** Opening Data block **

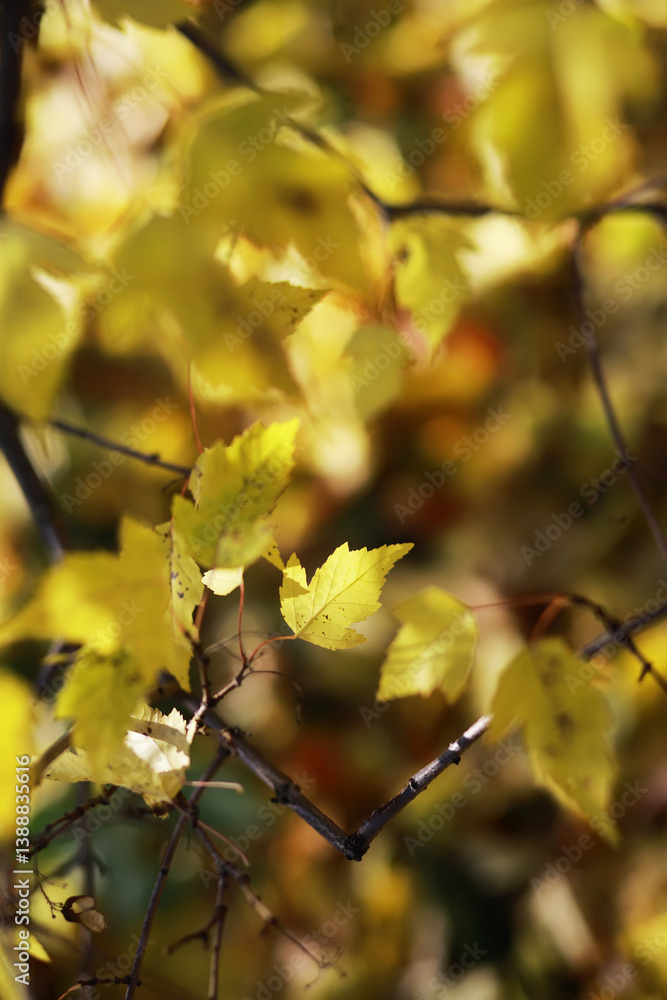 Bright Autumn Leaves in Sunlight Bright Autumn Leaves in Sunlight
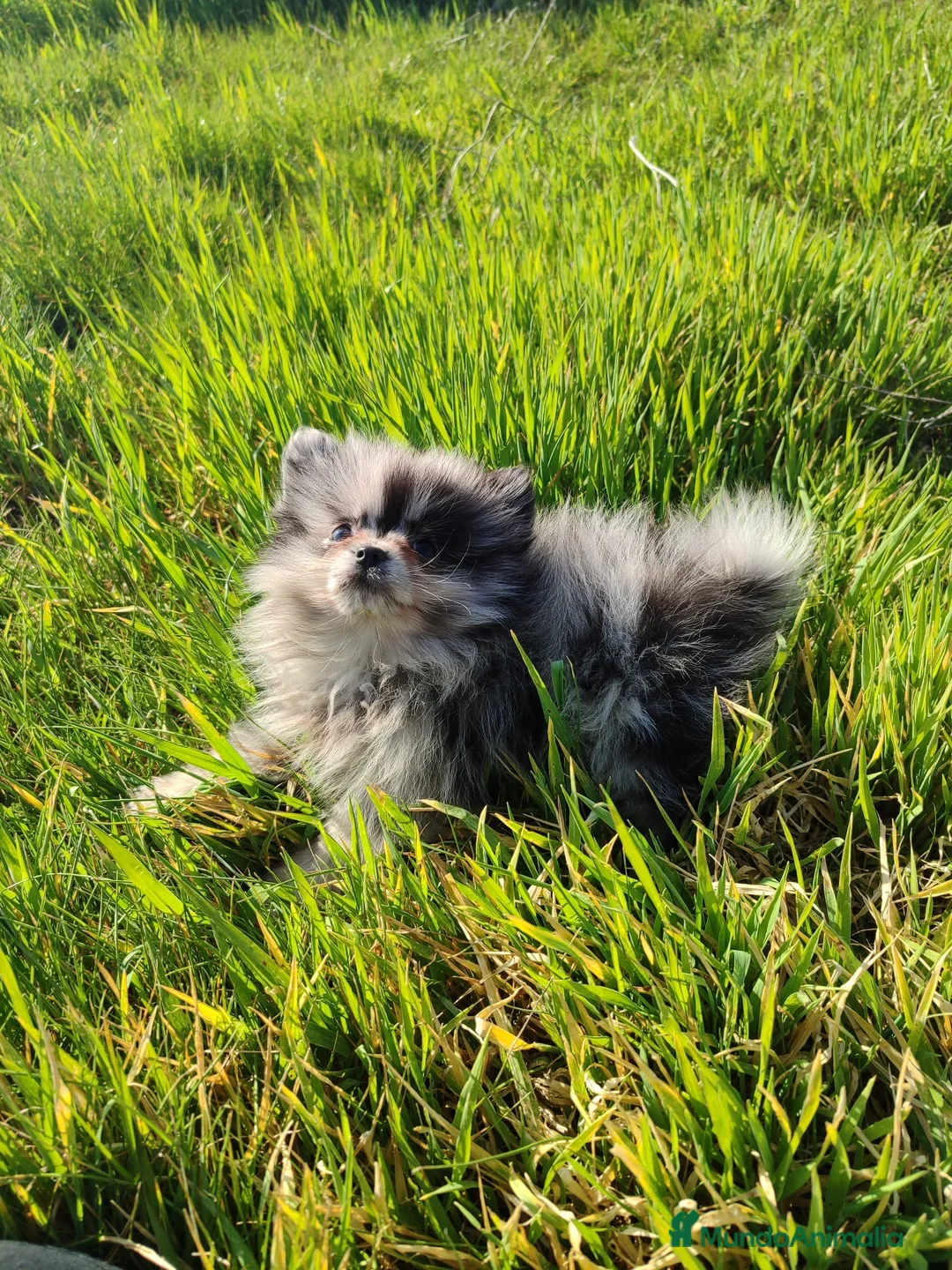 Pomerania perros en venta: Pomerania merle mini  - Anuncio 2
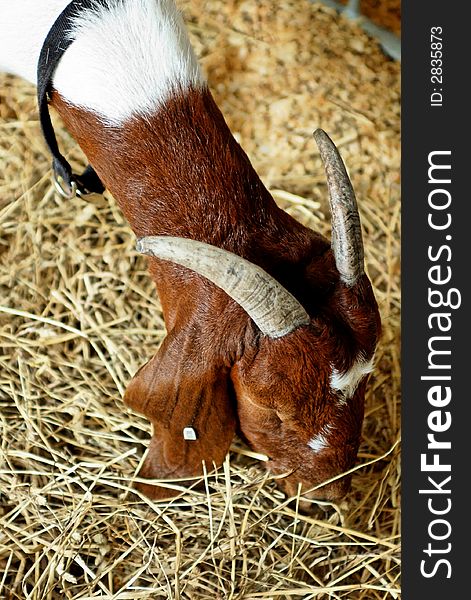 Domestic goat with horns, feeding in a farm pen.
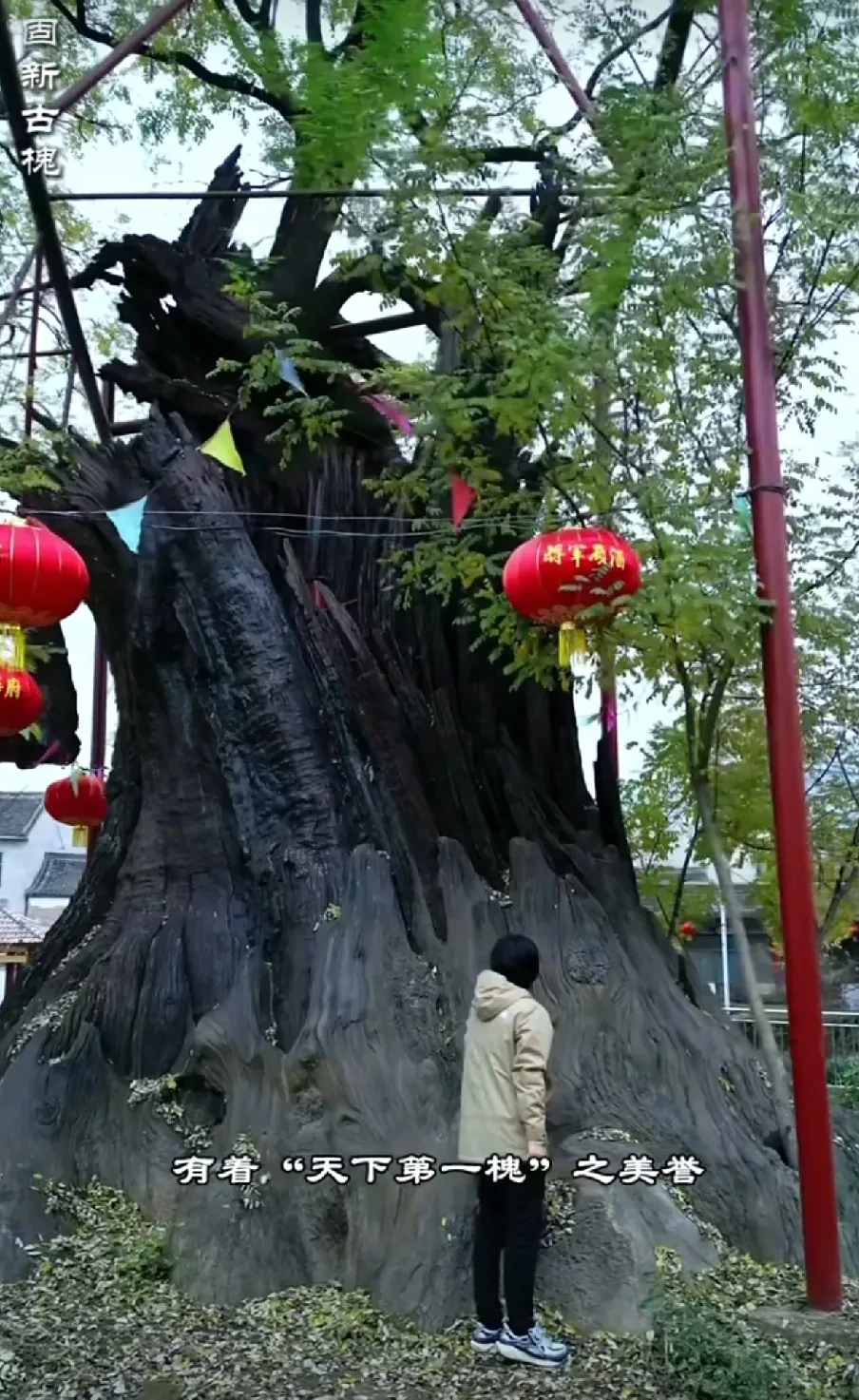 在河北邯郸涉县固新村,这棵树有29米高,树围1
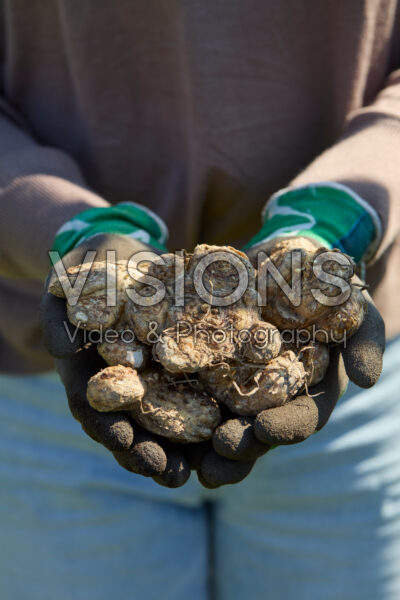 Planting Zantedeschia bulbs Planting Zantedeschia bulbs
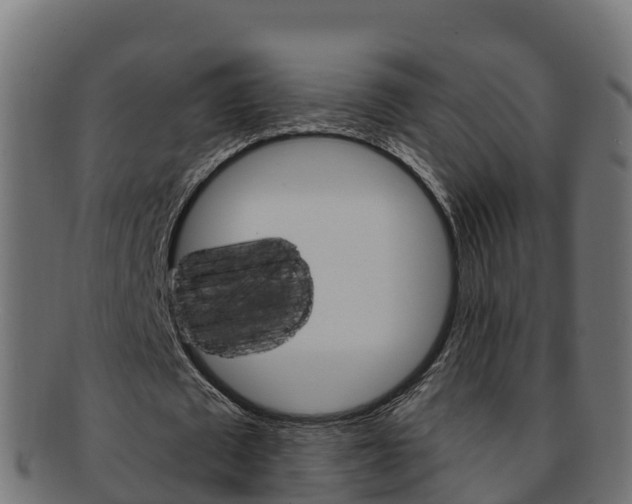 X0000092320673200709141051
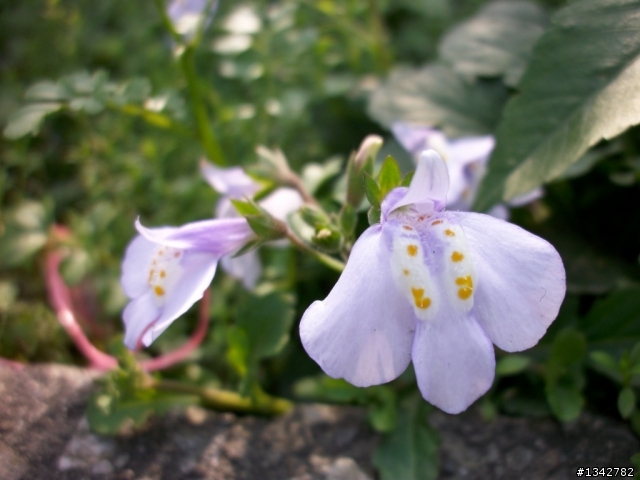 Altek T8680 相片分享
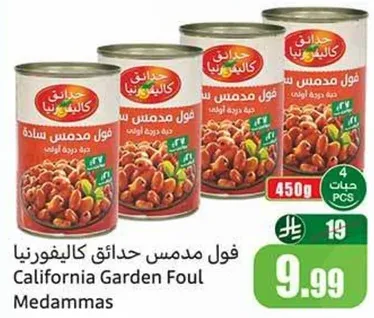 فول مدمس حديقه كاليفورنيا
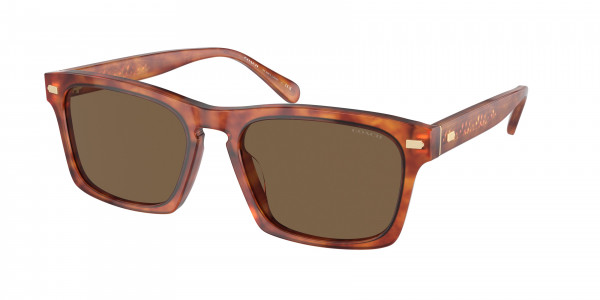 Coach HC8397U CR628 Sunglasses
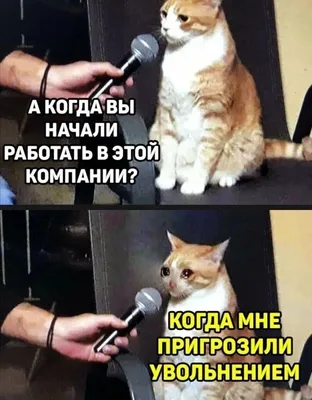 Фотографии, которые вызовут смех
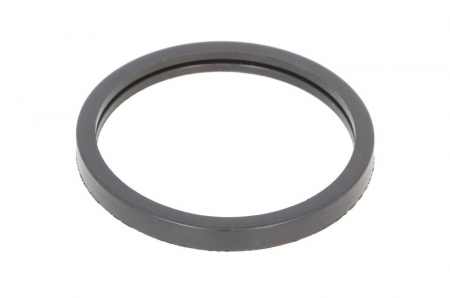 Garnituri motor - Garnitura termostat potrivit LEXUS CT; LOTUS ELISE; MINI (R50, R53); SUBARU TREZIA; SUZUKI SWACE; TOYOTA ALLION II, AURIS, AVENSIS, C-HR, COROLLA, IQ, ISIS 1.4D-2.0D 09.00-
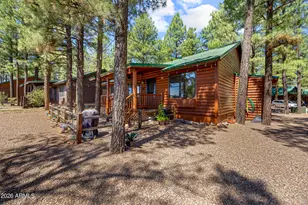 2715 High Pine Loop, Overgaard, AZ 85933 - Photo 25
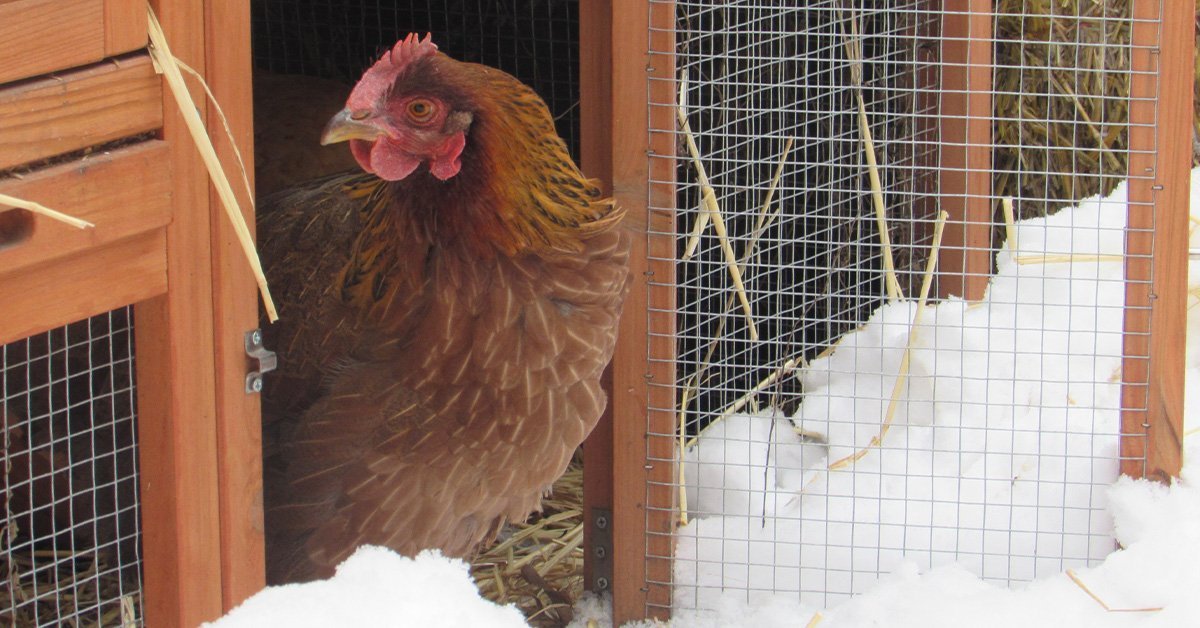 chicken in chicken coop in the winter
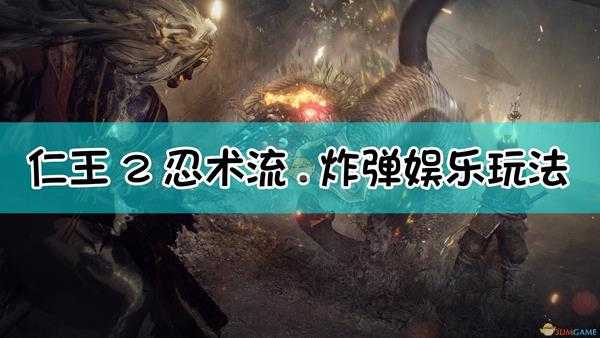 《仁王2》忍术流.炸弹娱乐玩法配装指南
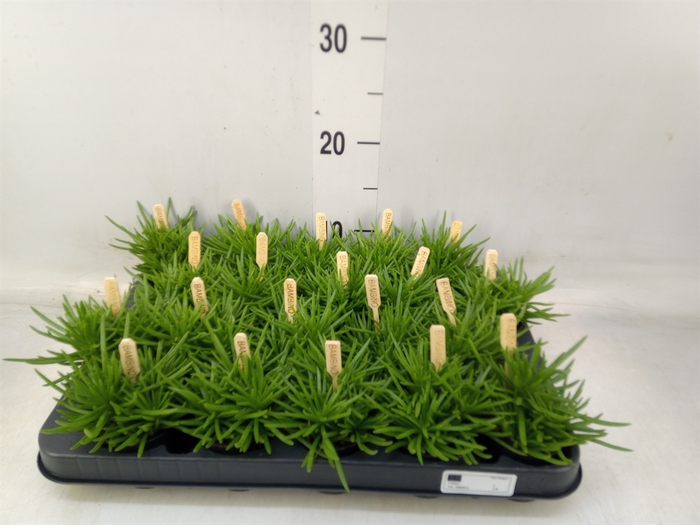 <h4>Senecio archeri 'Himalaya'</h4>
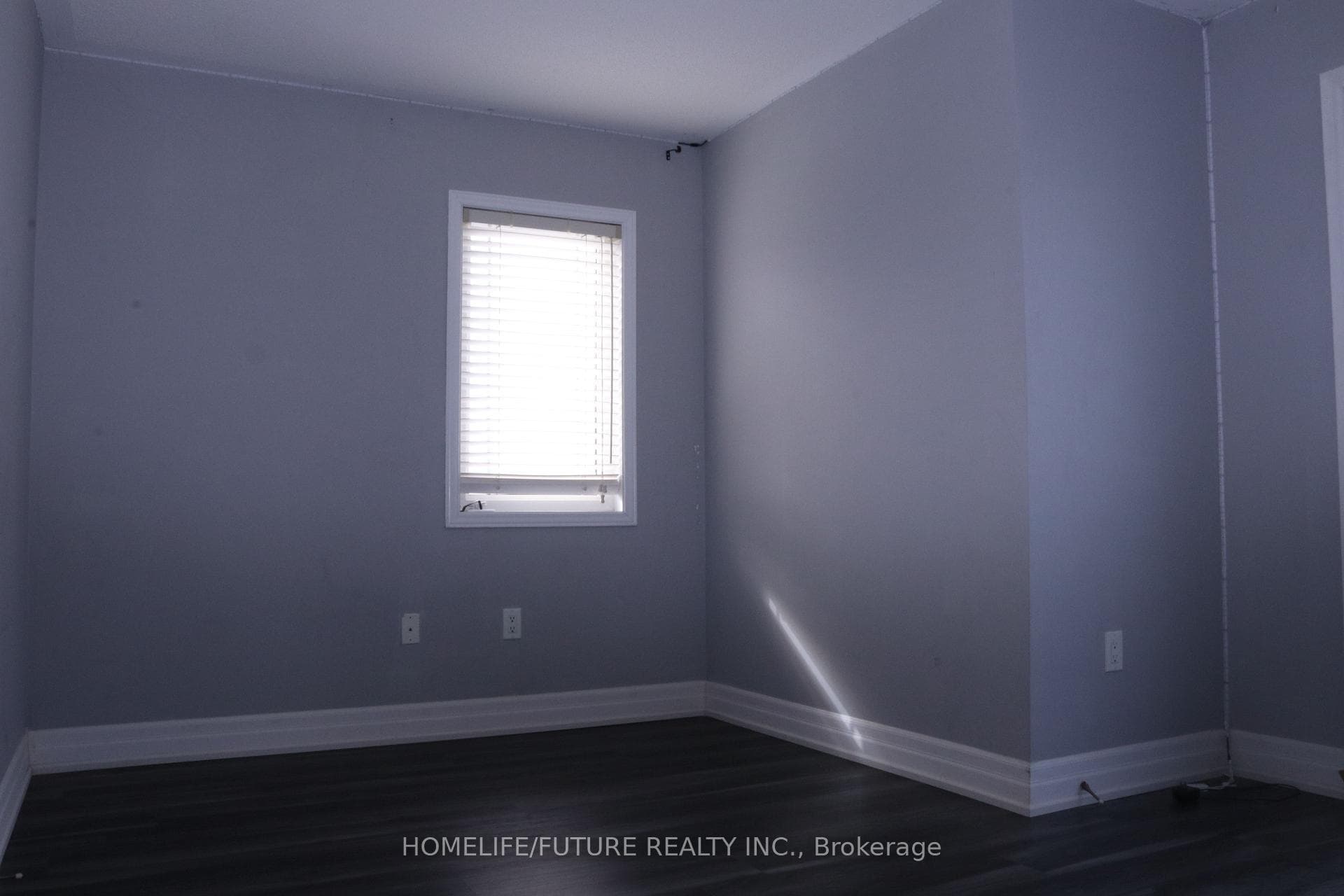 41 Hollier Drive photo 12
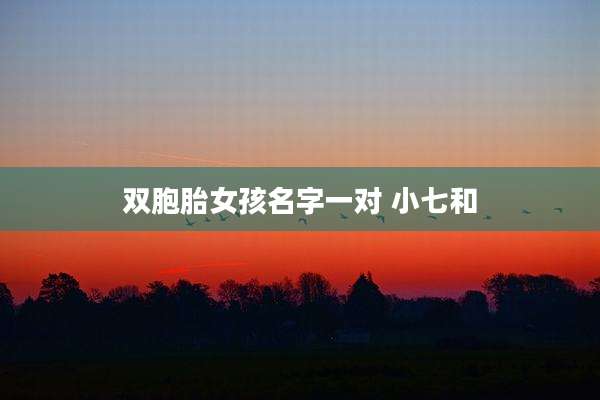 双胞胎女孩名字一对 小七和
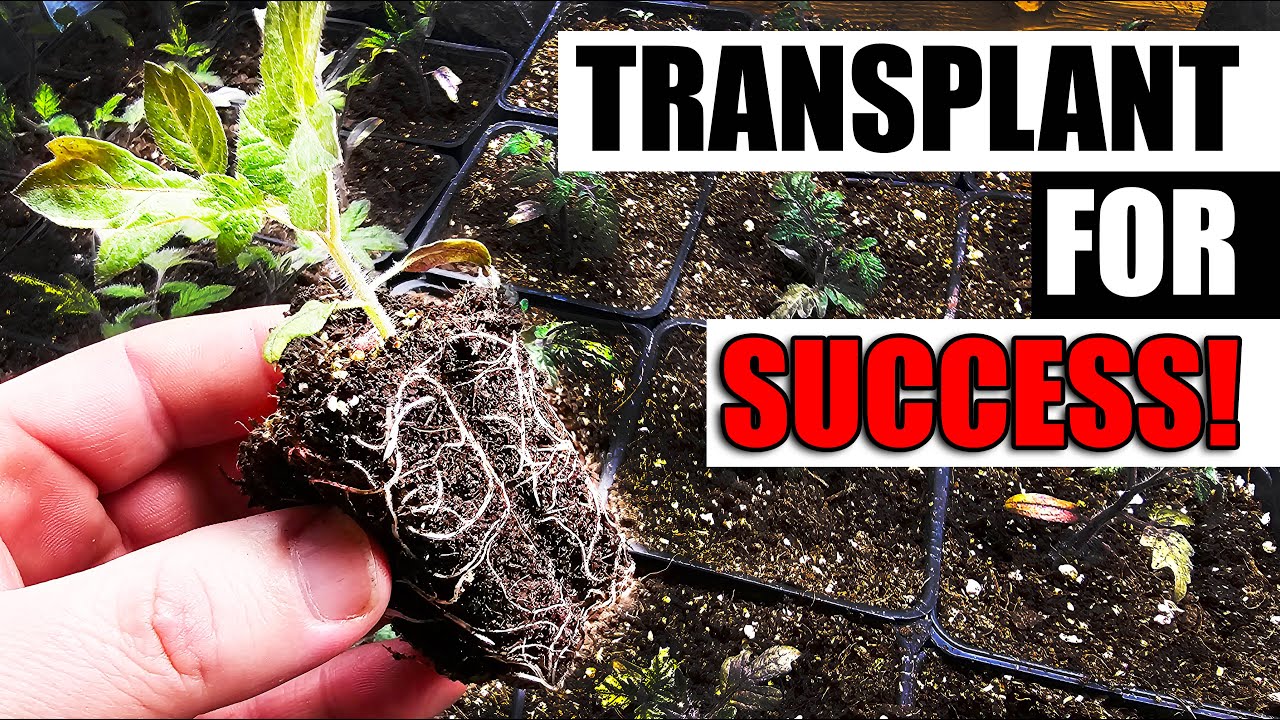 Transplanting Seedlings - The Complete Guide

** Closing Data block **

= Problem details =
The whole listing above is to be repeated exactly, apart from its pictures.

= Output of the task =
 Bright Autumn Leaves in Sunlight Bright Autumn Leaves in Sunlight
 Pomerania perros en venta: Pomerania merle mini  - Anuncio 2
 Domestic goat with horns, feeding in a farm pen.
 在河北邯郸涉县固新村,这棵树有29米高,树围1
 Planting Zantedeschia bulbs Planting Zantedeschia bulbs
 X0000092320673200709141051
 Altek T8680 相片分享
 فول مدمس حديقه كاليفورنيا
 Coach HC8397U CR628 Sunglasses
 Фотографии, которые вызовут смех
 Garnituri motor - Garnitura termostat potrivit LEXUS CT; LOTUS ELISE; MINI (R50, R53); SUBARU TREZIA; SUZUKI SWACE; TOYOTA ALLION II, AURIS, AVENSIS, C-HR, COROLLA, IQ, ISIS 1.4D-2.0D 09.00-
 2715 High Pine Loop, Overgaard, AZ 85933 - Photo 25
 chicken in chicken coop in the winter
 《仁王2》忍术流.炸弹娱乐玩法配装指南
 <h4>Senecio archeri 'Himalaya'</h4>
 41 Hollier Drive photo 12
 双胞胎女孩名字一对 小七和
 Transplanting Seedlings - The Complete Guide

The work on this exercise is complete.